Rules

  • Rules contain data analysis and alerting logic
  • Rules are written in native Python, not a proprietary language
  • A Rule can utilize any Python function or library
  • A Rule can be run against multiple log sources if desired
  • Rules can be isolated into defined environments/clusters
  • Rule alerts can be sent to one or more outputs, like S3, PagerDuty or Slack
  • Rules can be unit and integration tested

Getting Started

All rules are located in the rules/ directory.

Within this directory are two folders: community/ and default/.

community/ rules are publicly shared from StreamAlert contributors.

default/ can be used as a generic container for rules files.

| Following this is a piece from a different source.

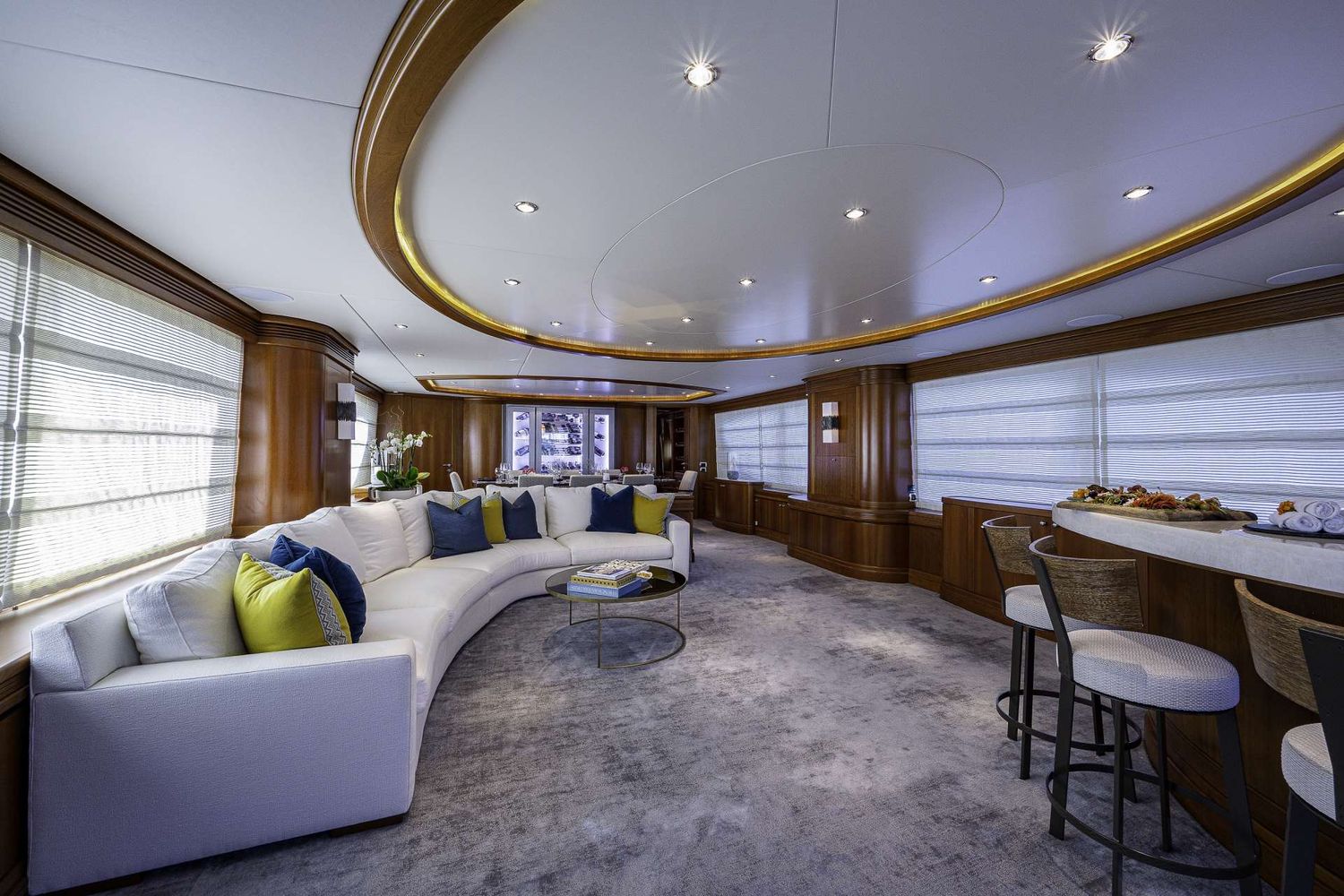yacht-87345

You may create any folder structure desired, as all rules folders are imported recursively. Here are some examples:

  • rules/intrusion-detection/malware.py
  • rules/compliance/pci.py
  • rules/default/infrastructure.py

Note

If you create additional folders within the rules directory, be sure to include a blank __init__.py file.

Overview

A StreamAlert rule is a Python method that takes a parsed log record (dictionary) and returns True or False. A return value of True means an alert will be generated.

Example: The Basics

The simplest possible rule looks like this:

from stream_alert.shared.rule import rule

@rule(logs=['cloudwatch:events'])
def all_cloudwatch_events(record):
    """Minimal StreamAlert rule: alert on all CloudWatch events"""
    return True

This rule will be evaluated against all inbound logs that match the cloudwatch:events schema defined in conf/logs.json. In this case, all CloudWatch events will generate an alert, which will be sent to the alerts Athena table.

Example: Logic & Outputs

Let’s modify the rule to page the security team if anyone ever uses AWS root credentials:

from stream_alert.shared.rule import rule

@rule(logs=['cloudwatch:events'], outputs=['pagerduty:csirt', 'slack:security'])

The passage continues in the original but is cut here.